Tuesday, October 13, 2020

God's Means for God's Children: Reflections on His Covenant Faithfulness to His Covenant Children in My Home

My Google Photos just shot me a spread from when my eldest were 2 and 1. In some ways, I remember those days better than I remember last year. What I remember most is how quickly the Spirit made those little hearts and minds latch onto His Word. Strong faith in Christ and love for God and man developed so early in them.

And after another decade and a half of the means of grace, my wife and I have the blessing of living for some years with a woman of God and man of God from the coming generation, before they take off to become the generation. Not perfect yet and still growing, but what the Lord is doing in them has begun to crystallize, and it's marvelous. We didn't have terrible twos or terrible teens. We had God's merciful and powerful blessing upon His means.

I look at the 2 and 1 year old in the photos, and my heart is just too full. I thought I'd try to put it in this post, but haven't quite been successful. The Lord hasn't done the same work at the same pace in each child. But He has been the same Lord, and they have all been His set-apart children, and He has been blessing the same means to them, and whatever work He does in them affords me similar gratitude.

It also makes me grieve over the children with which I haven't applied the means as consistently and believingly. But that just renews repentance and resolve as I cling to Him and not our performance. If they were to fall, I would have none but myself to blame—for what is to me an unimaginable horror.

But rather than resolving out of fear over what my shortcomings could cause, it is out of confidence in what His faithfulness will cause, what His mercy will cause, and what His power will cause that I renew resolve to walk in His ways with Him.

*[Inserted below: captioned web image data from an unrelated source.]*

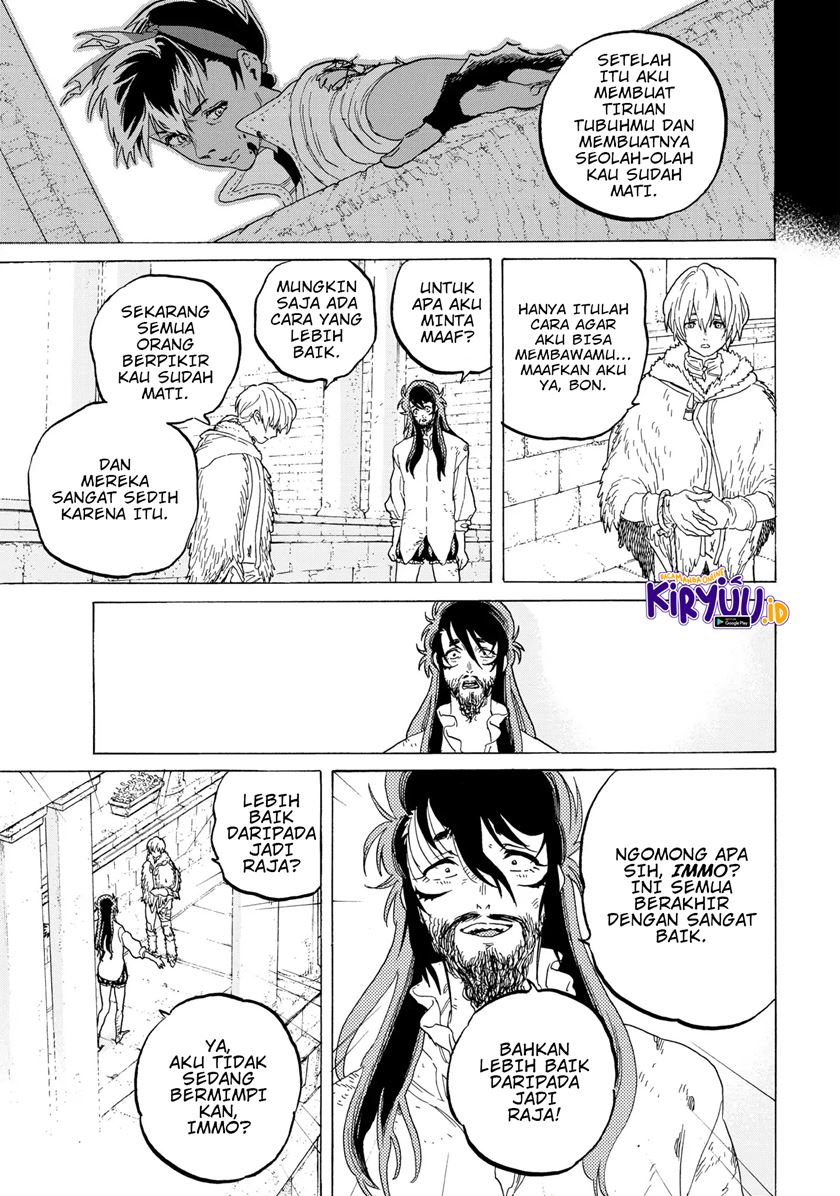 Fumetsu no Anata e Bab 76 halaman 19
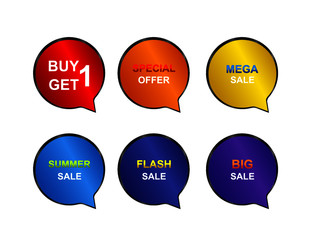 Templates collection for sales promos, mega sale, big sale and promo discount packs.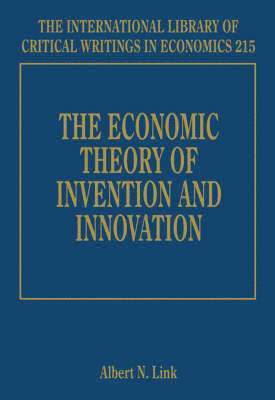 bokomslag The Economic Theory of Invention and Innovation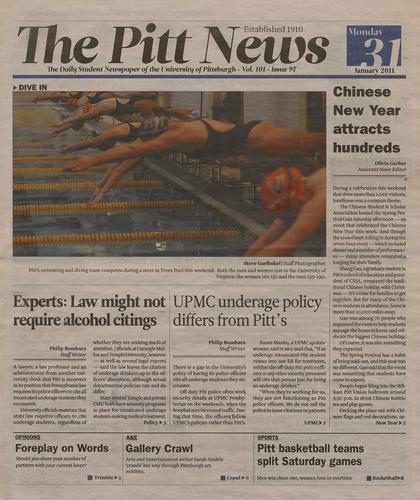 Pitt news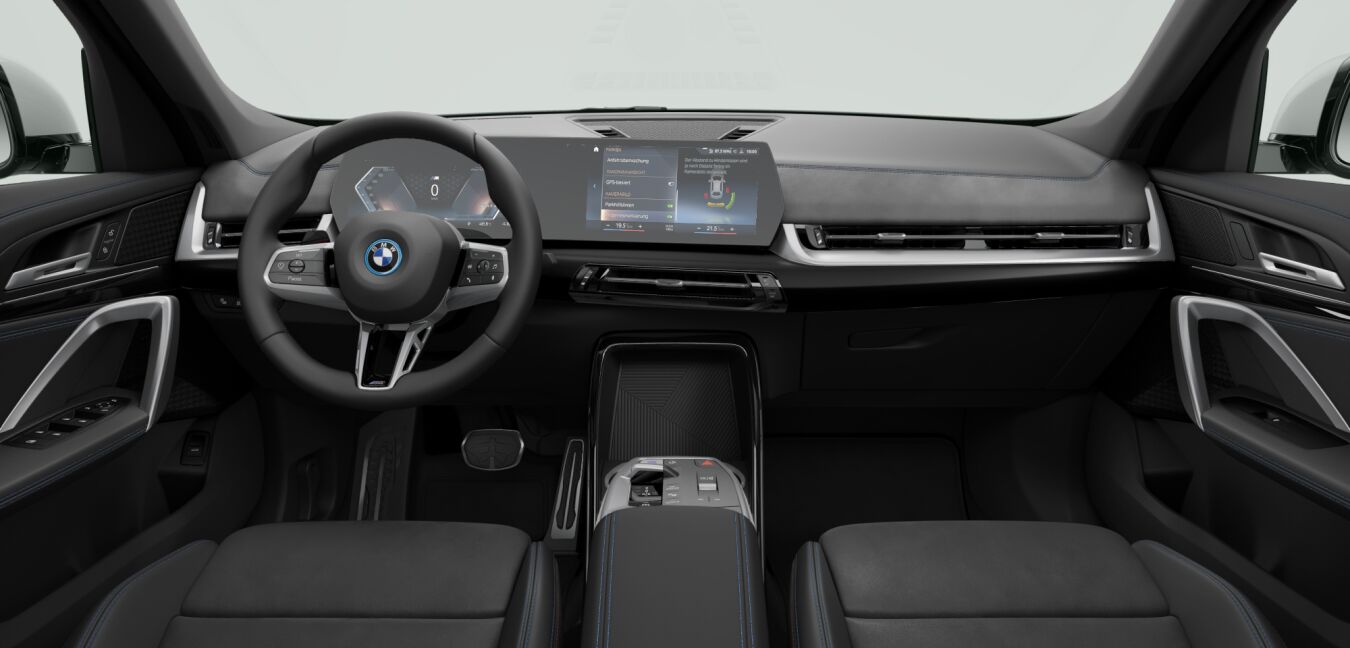 BMW BMW I im Innenraum von vorne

And He will bring them up in His way and keep them in His way, and when they are old, they will not depart from it. The more we walk simply by His means, the more we look back and say not "I brought them up" but "the Lord brought them up." For, while there was plenty of shortcoming on our part, that which has had its effect is the instruction not of ourselves but of the Lord, and the discipline not of ourselves but of the Lord. Family worship by family worship. Bedtime prayers and Psalms by bedtime prayers and Psalms. Lord's Day by Lord's Day. Public worship by public worship. Sermon by sermon. Supper by supper. Improvement of baptism. Prayer by prayer.

Day by day and week by week. The Lord brought them up. Because they were His. And now we see that sweet fruit that assures us that this is so for one more hopeful generation of the church in this world as they lead in the church militant, and then forever and ever whenever they join the church triumphant. What a marvelous, covenant God we serve!